温寻儿随手从身后侍卫的手上夺了一把刀过来,看向萧霁危:“现在怎么办?要杀出去吗?”
萧霁危看向身侧:“春生,带秋月去内殿。”
春生反应过来,迅速拉了秋月离开,他俩不是什么关键人物,一时也没有人阻拦,轻而易举就进了内殿,萧霁危这才看向温寻儿,俯身在她耳边低道:“你待会儿趁人不注意也进去,你一个人进去!”
他强调了一个人,惹得温寻儿不由得一愣,下意识看向身后。
那里,红缨如临大敌,抓紧了刀目光如炬直视着前面的敌军。
“那你呢?”
“放心,我不会有事!”
听他如此笃定,温寻儿稍稍心安,应了下来。
丽妃被张远挡住,她固然武功高强,可久居深宫多年,自然不是常年刀尖上舔血的张远的对手,几个回合下来逐渐落于下风,眼看着张远就要侵下他,却忽然有一只手从侧前方伸了过来,一掌拍在张远肩上。

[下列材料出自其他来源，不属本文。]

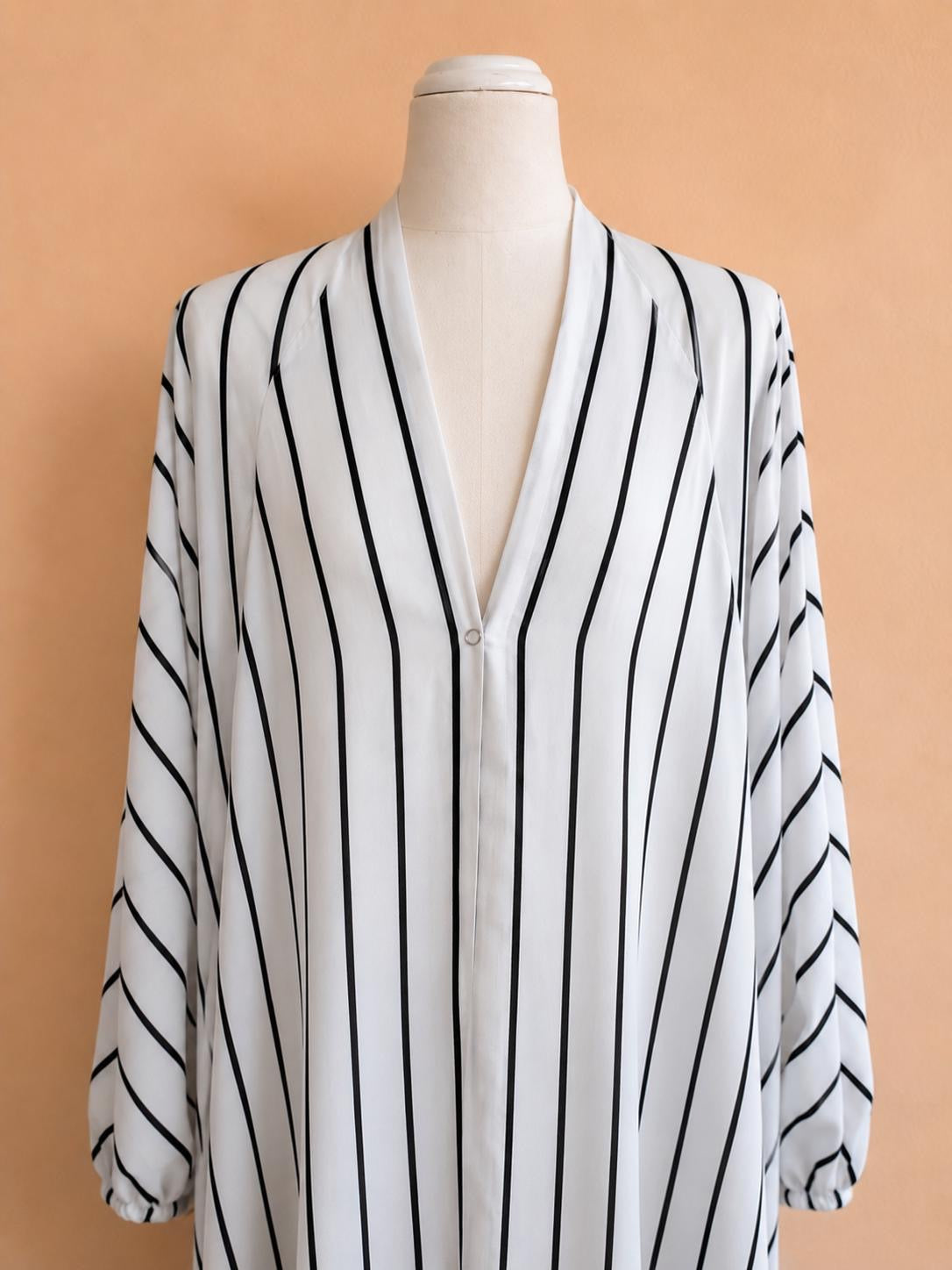 Monochrome Stripe Minimalist Abaya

张远整个人后退数步,好不容易稳住身形竟吐出一口血来。
而此时此刻,那坐在轮椅之上,向来虚弱到走几步路都要体力不支的高阳王正满面肃杀收回手,刚才那一掌正出自他手。
“还不出手,要待何时?红缨!”
高阳王的声音落下,后方立刻有一柄弯刀刺了过来。
萧霁危身形一偏,避开了利刃,直接把温寻儿推进屋子里,随后拽着张远便跟了进去。
内室的门一关,剩余的部下立刻堵在门口,将外面的人拦住。
萧霁危扶住口吐鲜血的张远:“你怎么样?还能走吗?”
张远勉力站起身来:“殿下放心,我没事!”
他看了一眼天色,忧心忡忡:“照这个速度,不出盏茶功夫,我们的人应该就顶不住了!”
“那怎么办?”春生过来扶住他,有些急,“皇上的传位诏书明明是真的,这些人却指鹿为马,还有那南阳王竟然临阵倒戈,正是岂有此理!”

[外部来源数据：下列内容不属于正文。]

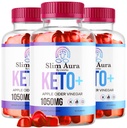 (3 Pack) Slim Aura Keto ACV Gummies - Επίσημη Slim Aura Keto Plus Apple Cider Vinegar 1050MG Advanced Formula Gummys, All Natural Premium Formula, Slimaura Gomitas Κριτικές, 300 Gummies για 5 μήνες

“可不止南阳王!”温寻儿看向萧霁危,“高阳王看着孱弱,竟如此深藏不露,难怪他会主动退出太子之位,为的只怕就是今天!”
一切发生得太突然,已经不能让她和原始剧本联系到一块儿了。
或者说,现在的剧情完全不是按照原始剧本来的。
萧霁危没说话,他走到龙床后头,不知做了什么,龙榻的床位动了,原本床尾的地方出现了一个缺口:“春生,你带着太子妃从这里出去,张远,太子妃就交给你了!”
温寻儿有点懵:“你不和我们一起走吗?”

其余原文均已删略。